A number of issues to be addressed, says Union rep
Before 8 a.m. a group of St. Anthony Hydro workers finished up their demonstration and went back on the job.
© Adam Randell photo
Hydro workers protesting in St. Anthony this morning.
The workers were protesting the plan to remove a general maintenance worker position from the area (carpentry). The position provides service for the entire Northern Peninsula and South Coast of Labrador.
Jabez Lane, business manager for IBEW, Local 1615, said once the position is eliminated the plan is to contract out the work.
“We know there’s lots of work here for this guy,” Lane said. “There’s enough work for him to have an assistant.”
During the time of the protest, the worker filling the position was working in Labrador.
“Our big concern is that this will start a snowball effect,” Lane said. “This job shouldn’t be removed from the Northern Peninsula.”
Travel is another concern says Lane.
“Work, Life, Balance,” read one of the protest signs.
Lane said the union wants to see the workers, living close to home, to be able to return home when the day’s work is done.
Unfortunately, he said, it don’t always work that way.
In Labrador, for example, he said Mary’s Harbour workers, working in Port Hope Simpson, some 50 kilometres away, get put up in a hotel, and receive a living allowance, but they’d rather be home with their families.
“When you live just down the road and you’ve got to stay in a hotel instead of getting home…Is it cheaper to pay an hour of overtime, or pay for a hotel room and living allowance?
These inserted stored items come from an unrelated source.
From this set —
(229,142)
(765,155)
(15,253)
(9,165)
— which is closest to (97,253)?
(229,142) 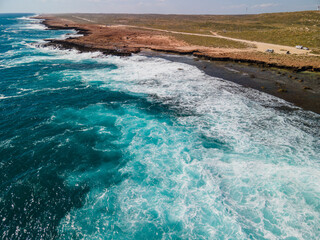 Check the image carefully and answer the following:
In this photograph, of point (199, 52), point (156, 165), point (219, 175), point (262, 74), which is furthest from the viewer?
point (199, 52)

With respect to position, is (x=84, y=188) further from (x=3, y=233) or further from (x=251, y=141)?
(x=251, y=141)

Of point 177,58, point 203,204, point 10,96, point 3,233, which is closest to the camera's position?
point 3,233

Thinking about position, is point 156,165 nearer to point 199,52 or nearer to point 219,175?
point 219,175

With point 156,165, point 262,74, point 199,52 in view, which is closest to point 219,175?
point 156,165

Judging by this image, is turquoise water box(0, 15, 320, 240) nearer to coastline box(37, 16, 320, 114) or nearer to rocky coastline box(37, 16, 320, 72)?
coastline box(37, 16, 320, 114)

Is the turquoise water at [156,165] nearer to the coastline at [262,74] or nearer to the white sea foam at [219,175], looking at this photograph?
the white sea foam at [219,175]

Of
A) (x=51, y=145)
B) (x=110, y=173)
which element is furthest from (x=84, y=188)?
(x=51, y=145) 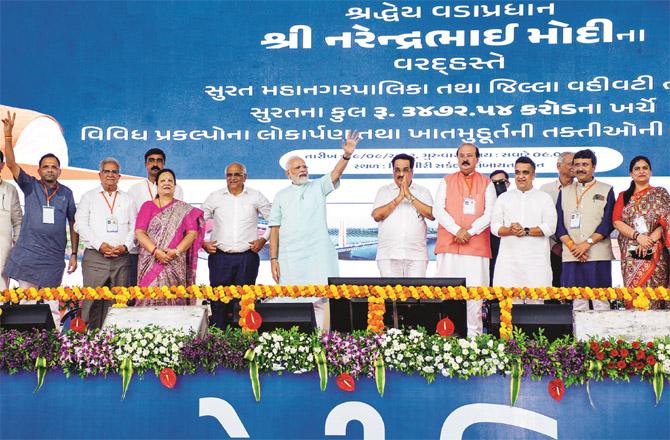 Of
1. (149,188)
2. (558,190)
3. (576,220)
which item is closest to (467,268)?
(576,220)

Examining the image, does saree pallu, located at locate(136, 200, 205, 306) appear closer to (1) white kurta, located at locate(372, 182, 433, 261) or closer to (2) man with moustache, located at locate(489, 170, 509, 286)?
(1) white kurta, located at locate(372, 182, 433, 261)

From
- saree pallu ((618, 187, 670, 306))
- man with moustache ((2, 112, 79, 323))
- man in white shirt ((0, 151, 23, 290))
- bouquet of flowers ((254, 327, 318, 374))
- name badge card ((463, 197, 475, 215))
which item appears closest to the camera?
bouquet of flowers ((254, 327, 318, 374))

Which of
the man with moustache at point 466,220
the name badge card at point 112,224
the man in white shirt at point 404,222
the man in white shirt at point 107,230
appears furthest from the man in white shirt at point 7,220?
the man with moustache at point 466,220

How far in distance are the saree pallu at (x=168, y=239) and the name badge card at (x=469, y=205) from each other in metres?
1.55

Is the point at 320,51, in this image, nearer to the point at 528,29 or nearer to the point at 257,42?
the point at 257,42

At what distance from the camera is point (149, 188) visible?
18.9ft

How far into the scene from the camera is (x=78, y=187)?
6.76 meters

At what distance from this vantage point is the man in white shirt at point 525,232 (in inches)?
202

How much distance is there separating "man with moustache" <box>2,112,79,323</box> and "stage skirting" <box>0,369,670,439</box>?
67.4 inches

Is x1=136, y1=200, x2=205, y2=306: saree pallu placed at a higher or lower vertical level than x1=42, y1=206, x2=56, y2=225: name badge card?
lower

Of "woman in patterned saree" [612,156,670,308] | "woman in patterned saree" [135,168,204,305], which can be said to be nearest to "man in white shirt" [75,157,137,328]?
"woman in patterned saree" [135,168,204,305]

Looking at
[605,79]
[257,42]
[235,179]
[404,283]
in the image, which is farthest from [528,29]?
[404,283]

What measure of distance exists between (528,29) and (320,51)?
1518 mm

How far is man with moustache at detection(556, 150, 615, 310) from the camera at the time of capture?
5223mm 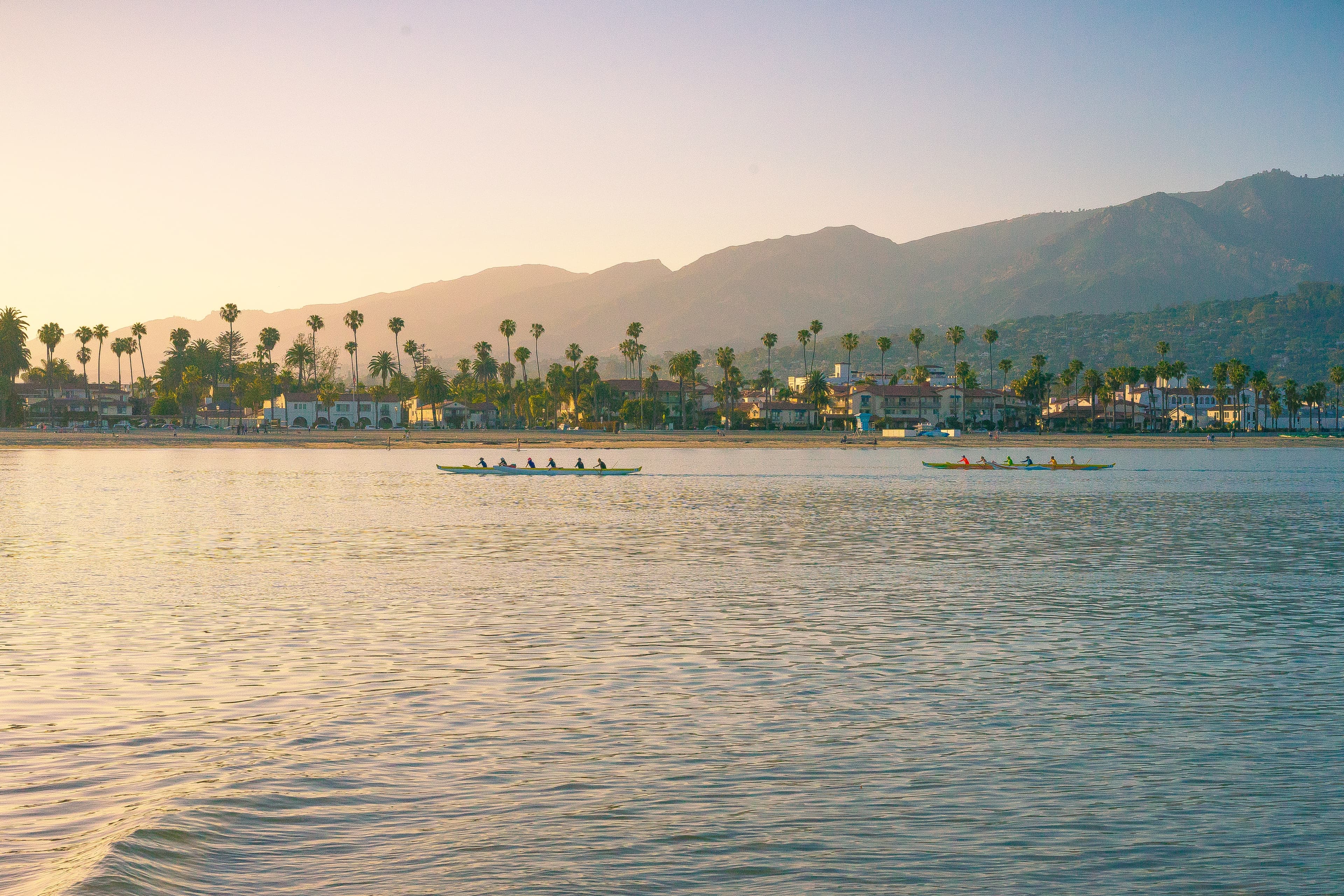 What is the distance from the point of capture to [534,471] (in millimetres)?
91125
Obviously the overtime is cheaper. We should be able to get these workers back to their homes, if that’s what they want to do.”
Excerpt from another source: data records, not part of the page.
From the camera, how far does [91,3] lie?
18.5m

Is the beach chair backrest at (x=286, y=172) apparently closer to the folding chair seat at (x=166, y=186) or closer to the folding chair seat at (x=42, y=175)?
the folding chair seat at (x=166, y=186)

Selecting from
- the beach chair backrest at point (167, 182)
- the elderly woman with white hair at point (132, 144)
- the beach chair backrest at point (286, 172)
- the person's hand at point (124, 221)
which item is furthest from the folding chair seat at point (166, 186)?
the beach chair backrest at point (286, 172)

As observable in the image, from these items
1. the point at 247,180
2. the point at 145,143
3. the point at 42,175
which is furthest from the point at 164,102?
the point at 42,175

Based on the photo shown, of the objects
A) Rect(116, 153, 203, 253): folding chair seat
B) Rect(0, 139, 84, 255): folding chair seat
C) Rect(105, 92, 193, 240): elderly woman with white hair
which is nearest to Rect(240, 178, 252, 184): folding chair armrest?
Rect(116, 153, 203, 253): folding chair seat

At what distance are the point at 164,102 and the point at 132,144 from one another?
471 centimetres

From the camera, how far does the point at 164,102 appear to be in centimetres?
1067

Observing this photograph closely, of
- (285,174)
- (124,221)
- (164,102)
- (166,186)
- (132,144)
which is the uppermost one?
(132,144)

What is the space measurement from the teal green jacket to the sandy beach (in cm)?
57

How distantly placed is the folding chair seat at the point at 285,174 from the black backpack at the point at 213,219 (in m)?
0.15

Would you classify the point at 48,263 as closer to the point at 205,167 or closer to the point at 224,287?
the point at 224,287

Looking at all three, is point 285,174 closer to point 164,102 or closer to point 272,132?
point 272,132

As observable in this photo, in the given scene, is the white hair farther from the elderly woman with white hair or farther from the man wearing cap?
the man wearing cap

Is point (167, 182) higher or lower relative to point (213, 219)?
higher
Lane said employees are being asked to take on multi-trade positions.
As an example, Lane mentioned line workers doubling as heavy equipment operators.
“In 2002 they eliminated the driver ground workers, who operates the heavy equipment hand-in-hand with the line workers,” he said. “There is seasonal work, but for the rest of the year the linemen have to operate it themselves.”
While employees receive training certification before taking on these roles, he said the experience in operation is just not there.
Last winter, for example, a severe stormed knocked out the power in the St. Lunaire-Griquet area for a couple of days.
Lane said the driver ground workers had been laid off for the season and linemen had to use the heavy equipment themselves and as a result a transformer wound up getting dropped.
Off the Northern Peninsula, he said a linesman had a highway accident in the heavy equipment he was driving less than a month ago.
“They may be certified to do this work, but the experience is just not there,” he said.
“We are trying to make (Hydro) aware of these issues,” Lane said. “And we want to see some changes take place.”
How long the workers will keep up the demonstrations has yet to be determined.
“Until we can get somewhere with this, it will be for the foreseeable future,” noted one worker.